EXCERPTED DATA:
*-*-*

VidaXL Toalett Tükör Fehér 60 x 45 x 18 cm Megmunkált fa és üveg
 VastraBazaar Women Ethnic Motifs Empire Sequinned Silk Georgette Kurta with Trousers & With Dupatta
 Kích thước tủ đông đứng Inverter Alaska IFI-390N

*-*-*

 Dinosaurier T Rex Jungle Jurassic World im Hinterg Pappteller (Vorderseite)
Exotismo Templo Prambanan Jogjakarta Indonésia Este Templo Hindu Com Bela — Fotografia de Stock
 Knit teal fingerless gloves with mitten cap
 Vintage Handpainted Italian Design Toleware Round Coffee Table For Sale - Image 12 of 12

*-*-*

DIRECTIONS: Lines holding the word "with" should be copied from the entries above.

RESULT FOR THIS TASK:
 VastraBazaar Women Ethnic Motifs Empire Sequinned Silk Georgette Kurta with Trousers & With Dupatta
 Knit teal fingerless gloves with mitten cap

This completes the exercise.